Kirkus Reviews called it “history at its best,” awarding American Boys a Kirkus Star and naming it among the Best Books of 2014. It also won several awards including: Writer's Digest Grand Prize Winner of the 2015 Self-Published Book Awards, Silver Medal in the 2015 Independent Publisher Book Awards for US History, 2015 National Indie Excellence Award in Military Nonfiction, and Silver in War & Military for Foreword Reviews' 2014 INDIEFAB Book of the Year Awards.
American Boys has been featured in more than a two dozen major publications. Library Journal in September 2015 said it’s a “book (that) clearly benefits from a journalist’s research skills, eye for detail, and storytelling experience.” Writer's Digest in 2016 hailed it as "righting a wrong" in that the book rewrote history and is helping to get 74 names on the Vietnam Wall in Washington, D.C.

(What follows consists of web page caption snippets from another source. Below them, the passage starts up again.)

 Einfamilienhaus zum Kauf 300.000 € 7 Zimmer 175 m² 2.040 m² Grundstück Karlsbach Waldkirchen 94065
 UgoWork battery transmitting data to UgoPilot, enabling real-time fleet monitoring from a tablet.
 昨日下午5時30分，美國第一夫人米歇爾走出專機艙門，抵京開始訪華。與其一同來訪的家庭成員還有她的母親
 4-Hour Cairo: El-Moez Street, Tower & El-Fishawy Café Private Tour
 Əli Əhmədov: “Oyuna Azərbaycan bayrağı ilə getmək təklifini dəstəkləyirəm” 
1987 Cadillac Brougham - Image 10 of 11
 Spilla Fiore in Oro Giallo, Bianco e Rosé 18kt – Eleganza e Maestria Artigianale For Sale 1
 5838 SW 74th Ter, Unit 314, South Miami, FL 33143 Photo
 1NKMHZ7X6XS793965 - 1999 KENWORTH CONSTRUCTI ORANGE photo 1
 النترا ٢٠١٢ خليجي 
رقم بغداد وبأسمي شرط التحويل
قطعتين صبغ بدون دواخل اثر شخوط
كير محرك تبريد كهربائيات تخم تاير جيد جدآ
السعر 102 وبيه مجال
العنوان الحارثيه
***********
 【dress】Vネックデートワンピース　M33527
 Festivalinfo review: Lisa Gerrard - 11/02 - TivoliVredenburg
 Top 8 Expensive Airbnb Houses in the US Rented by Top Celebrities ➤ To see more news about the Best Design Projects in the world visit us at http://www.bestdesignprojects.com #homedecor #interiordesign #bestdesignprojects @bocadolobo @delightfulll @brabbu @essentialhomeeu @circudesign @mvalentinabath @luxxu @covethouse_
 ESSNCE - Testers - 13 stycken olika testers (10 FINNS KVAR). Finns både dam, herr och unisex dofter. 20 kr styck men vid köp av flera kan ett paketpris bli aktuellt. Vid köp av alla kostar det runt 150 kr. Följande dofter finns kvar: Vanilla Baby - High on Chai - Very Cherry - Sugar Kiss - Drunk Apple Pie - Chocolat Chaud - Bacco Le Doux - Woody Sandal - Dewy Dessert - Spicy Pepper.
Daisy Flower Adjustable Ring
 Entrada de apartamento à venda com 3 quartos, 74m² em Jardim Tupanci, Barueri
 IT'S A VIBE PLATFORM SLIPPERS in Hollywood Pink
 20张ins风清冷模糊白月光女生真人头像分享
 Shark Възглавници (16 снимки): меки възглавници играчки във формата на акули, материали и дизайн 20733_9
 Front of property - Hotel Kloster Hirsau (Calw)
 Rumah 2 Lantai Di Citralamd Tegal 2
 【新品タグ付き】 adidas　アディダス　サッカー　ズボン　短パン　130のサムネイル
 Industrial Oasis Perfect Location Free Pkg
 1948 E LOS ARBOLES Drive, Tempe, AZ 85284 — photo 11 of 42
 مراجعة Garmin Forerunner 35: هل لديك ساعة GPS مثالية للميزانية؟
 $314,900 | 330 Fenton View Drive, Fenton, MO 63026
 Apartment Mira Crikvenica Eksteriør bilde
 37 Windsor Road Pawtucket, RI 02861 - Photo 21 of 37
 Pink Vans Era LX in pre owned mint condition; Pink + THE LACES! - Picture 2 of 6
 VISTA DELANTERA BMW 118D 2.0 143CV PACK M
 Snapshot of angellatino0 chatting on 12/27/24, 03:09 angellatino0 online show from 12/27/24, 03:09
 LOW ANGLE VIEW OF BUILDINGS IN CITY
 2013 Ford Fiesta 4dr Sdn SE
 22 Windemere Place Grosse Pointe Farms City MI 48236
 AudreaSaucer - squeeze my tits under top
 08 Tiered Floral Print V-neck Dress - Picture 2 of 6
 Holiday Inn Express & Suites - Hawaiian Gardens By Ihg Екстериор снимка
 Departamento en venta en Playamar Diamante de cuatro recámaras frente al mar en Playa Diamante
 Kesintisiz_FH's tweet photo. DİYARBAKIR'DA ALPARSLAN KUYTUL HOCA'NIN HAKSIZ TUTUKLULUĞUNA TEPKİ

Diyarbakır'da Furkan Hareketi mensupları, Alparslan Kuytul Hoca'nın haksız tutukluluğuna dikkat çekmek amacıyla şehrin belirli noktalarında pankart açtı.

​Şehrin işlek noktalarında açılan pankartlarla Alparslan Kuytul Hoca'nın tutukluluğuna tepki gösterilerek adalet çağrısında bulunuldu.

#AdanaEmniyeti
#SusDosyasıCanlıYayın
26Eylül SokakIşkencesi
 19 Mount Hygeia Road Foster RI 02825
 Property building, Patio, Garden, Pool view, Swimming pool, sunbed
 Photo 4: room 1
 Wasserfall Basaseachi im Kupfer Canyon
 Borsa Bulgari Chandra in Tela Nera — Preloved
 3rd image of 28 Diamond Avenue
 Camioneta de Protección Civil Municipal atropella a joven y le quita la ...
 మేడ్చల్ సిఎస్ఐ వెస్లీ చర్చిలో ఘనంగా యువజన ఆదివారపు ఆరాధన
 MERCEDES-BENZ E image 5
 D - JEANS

Today Louise is combining her unrelenting fascination with history and people, her love of writing, and her journalistic desire to show “how it really happened," telling stories that help paint a picture of American life from all walks. She has completed a novel set in California during and after World War II and is now working on a second novel. She lives in New Orleans with her husband and children.